This week has been abnormally productive. If you subscribe to me, you're probably sick of my output -- sorry for the absolute onslaught of stories! I've written about 1,800 words a day for the last eight days for my series Women Who Stay. I mentioned it in last week's installment, not yet knowing just how deeply it would swallow me.

Right now, I'm writing Chapter 25 and expecting to be done around 30. This time last week, I thought I would write a tidy nine or 12 chapters and call it good. Certainly, that's what most people would like from a series on Vocal. The longer it goes on, the more sure I am that I'm losing my readers, simply because reading it is such a big ask of their time. But I'm strangely ok with that, because as much as I love seeing hearts and comments come in, I'm now feeling way more satisfied by the practice of building this story.

Right now, my total word count for the tale stands at 14,775. That's just a couple of thousand words under my longest-running novel project, which I've been pecking away at for (*embarrassed shuffle*) seven years. And I hate, like, half of the words in it. So, seeing as I've done little else but write that series and work in the kitchen this week, I hope you won't mind me musing a little here today about why this particular project is flowing so well for me. No spoilers, no self-congratulation or -flagellation, just thoughts about the writing process.

Breaking it Down

I think the key to my productivity is the slightly arbitrary word count limit I've set for myself. Each chapter is precisely 600 words when I submit (although that number sometimes wiggles a little bit up or down on the post-posting reread thanks to the Quick Edit function). 600 words seems to be my sweet spot. Within that amount, I can do a couple of quick scene changes to set some backstory and change locations, or I can delve deeply into complex dialogue and character work.

My favorite chapters to write consisted mostly of dialogue. It reminds me of the theater courses I took in high school, where we dissected a play's scenes in "beats." I learned that great dialogue is a battle of wills, with each character coming into the conversation with a very specific motive and each word they say meaningfully aimed towards accomplishing their goal. That's been a really helpful mindset as I construct each chapter's inner workings.

In such short chapters, every word counts. Every hesitation, movement, or flustered babble must mean something. Writing like this feels like honing a blade -- I'm learning, with every word I choose, to get to the point.

Letting Loose

That seven-year novel project is, I fear, dead on arrival. I won't give up on it just yet, but I now wonder if it was doomed before I wrote my first chapter. Because I know exactly what happens. I have a 20-page outline for a three-book arc, with every twist and turn predetermined. It's a great plot, but it wasn't built around my characters. Every time I sit down to write, I feel like I've fallen into a trap: even if she's properly motivated, it seems that things just happen to my character because I said so.

I started Women Who Stay with a very vague idea of character, background, and plot arc. As I near the end, I have a very good idea of where I'm going next and how it all wraps up. But I don't have an outline. It felt a little scary at first, constantly treading uncharted waters. I worried that details would fall through the cracks. That I'd write myself into a dead end.

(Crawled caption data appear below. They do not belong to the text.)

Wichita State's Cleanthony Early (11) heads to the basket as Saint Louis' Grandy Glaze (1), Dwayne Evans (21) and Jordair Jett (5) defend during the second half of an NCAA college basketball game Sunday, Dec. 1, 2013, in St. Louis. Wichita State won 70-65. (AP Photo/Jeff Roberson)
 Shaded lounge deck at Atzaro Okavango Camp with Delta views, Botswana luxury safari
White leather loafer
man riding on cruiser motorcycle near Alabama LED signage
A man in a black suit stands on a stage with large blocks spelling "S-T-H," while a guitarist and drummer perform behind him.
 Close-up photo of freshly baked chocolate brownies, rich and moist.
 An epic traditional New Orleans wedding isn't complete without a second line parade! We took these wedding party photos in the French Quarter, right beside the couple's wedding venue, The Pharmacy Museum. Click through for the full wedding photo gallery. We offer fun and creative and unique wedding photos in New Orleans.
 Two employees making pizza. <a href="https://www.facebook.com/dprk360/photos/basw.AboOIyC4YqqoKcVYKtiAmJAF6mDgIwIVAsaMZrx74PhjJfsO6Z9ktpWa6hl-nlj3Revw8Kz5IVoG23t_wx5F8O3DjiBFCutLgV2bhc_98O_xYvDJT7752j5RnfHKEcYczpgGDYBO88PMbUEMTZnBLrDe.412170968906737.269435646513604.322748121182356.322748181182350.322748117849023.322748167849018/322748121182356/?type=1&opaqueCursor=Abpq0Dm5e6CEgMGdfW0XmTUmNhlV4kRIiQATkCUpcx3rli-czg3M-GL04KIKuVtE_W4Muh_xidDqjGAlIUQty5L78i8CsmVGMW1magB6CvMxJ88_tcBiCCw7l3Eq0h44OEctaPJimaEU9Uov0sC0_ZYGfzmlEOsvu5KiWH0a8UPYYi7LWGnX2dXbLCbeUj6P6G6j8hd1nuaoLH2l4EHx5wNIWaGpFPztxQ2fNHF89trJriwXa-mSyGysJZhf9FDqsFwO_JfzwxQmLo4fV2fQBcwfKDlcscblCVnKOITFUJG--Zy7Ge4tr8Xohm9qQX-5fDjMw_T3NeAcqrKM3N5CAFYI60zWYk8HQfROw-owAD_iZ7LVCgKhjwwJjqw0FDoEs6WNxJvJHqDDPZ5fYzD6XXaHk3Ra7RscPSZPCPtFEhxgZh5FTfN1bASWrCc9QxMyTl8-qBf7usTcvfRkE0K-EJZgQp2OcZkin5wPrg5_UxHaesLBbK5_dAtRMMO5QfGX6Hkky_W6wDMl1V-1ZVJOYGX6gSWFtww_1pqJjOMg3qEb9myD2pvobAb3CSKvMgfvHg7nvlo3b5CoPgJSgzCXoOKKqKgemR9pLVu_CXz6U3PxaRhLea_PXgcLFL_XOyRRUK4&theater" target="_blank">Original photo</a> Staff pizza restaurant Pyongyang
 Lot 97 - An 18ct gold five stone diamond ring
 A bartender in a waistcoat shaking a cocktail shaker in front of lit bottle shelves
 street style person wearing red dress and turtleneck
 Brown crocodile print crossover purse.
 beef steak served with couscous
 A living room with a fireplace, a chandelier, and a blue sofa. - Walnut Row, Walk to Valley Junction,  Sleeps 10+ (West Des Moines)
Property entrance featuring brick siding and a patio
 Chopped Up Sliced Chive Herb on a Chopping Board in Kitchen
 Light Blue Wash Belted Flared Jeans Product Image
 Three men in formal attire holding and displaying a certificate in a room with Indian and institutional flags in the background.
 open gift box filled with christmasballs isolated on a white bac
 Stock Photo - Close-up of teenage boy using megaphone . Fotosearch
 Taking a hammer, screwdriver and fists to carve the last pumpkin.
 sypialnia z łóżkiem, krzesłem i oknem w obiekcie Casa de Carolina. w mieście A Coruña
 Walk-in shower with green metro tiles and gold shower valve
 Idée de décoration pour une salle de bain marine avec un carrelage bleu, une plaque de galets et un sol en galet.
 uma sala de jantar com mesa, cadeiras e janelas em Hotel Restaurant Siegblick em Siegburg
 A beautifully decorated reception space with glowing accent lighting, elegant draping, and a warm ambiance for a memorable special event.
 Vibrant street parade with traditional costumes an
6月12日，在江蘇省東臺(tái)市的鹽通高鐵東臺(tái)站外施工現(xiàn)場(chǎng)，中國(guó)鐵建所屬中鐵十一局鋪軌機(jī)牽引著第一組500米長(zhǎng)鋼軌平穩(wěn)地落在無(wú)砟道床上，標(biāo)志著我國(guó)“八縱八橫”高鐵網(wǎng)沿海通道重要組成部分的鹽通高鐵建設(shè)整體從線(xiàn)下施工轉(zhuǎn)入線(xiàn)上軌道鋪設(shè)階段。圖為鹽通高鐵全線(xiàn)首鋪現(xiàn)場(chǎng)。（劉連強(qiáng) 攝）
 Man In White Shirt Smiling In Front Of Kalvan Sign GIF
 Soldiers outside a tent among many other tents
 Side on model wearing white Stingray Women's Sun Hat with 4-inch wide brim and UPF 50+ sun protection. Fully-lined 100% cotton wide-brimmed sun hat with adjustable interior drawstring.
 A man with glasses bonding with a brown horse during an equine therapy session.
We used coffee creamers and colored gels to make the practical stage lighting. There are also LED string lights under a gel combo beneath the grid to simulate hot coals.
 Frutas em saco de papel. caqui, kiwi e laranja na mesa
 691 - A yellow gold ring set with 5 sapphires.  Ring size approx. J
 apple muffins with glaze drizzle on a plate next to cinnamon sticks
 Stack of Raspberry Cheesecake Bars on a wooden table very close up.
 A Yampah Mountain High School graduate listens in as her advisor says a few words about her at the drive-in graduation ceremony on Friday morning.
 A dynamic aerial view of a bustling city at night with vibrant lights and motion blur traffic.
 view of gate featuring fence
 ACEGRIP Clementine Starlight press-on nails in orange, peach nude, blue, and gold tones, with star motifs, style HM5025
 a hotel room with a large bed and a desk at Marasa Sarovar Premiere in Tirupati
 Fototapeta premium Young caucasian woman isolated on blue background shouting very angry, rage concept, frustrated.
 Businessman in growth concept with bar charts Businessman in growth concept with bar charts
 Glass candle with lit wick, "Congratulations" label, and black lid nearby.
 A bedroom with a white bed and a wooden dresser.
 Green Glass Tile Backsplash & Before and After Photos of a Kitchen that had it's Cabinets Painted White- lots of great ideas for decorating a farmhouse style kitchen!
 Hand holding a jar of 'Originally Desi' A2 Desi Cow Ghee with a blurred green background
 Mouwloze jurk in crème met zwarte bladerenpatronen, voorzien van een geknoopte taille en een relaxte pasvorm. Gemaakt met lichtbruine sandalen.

Surprise! I love it. Writing feels so organic. My characters are driving the story. I'm not moving them like chess pieces. They're making their own choices, good and bad, that move them through the world, and they're constantly surprising me. My longer book attempts have failed because I get bored, and writing starts to feel like a chore. But in this series, because I don't really know what happens next, every day I feel the urge to return to my blank screen and say, Cool, now what?

Falling in Love

Speaking of my characters... They're all nasty little pieces of work. They're contemptible creatures. They make mistakes and bad decisions. And, ooooo, I love them for it.

One of my favorite compliments I ever received on my writing was that a reader could feel my love and empathy for my most horrible, mean characters, and that made them feel more real. Very few people are straightforward villains in their own eyes. Everyone has an internal compass of ethics and logic. Just because it isn't complimentary to ours doesn't make it incomprehensible.

When I was a kid, I was bullied very badly. One boy would mock my appearance and shove me on the playground. Later, I learned that he had a crush on me. I also learned his father beat his mother. Though I still don't appreciate how he treated me, I know now that he was only modeling the behavior he saw at home. Another group of girls ganged up and ostracized me. Years later, I learned that their mothers did the same thing to my friends' mothers. Again, their social development was informed by what they learned at home. And if I were to ask them now, as adult women, if they regret how they treated me, I doubt they would even remember what I'm talking about -- they saw the same situation from a different perspective, with a different background, and with their own motivations.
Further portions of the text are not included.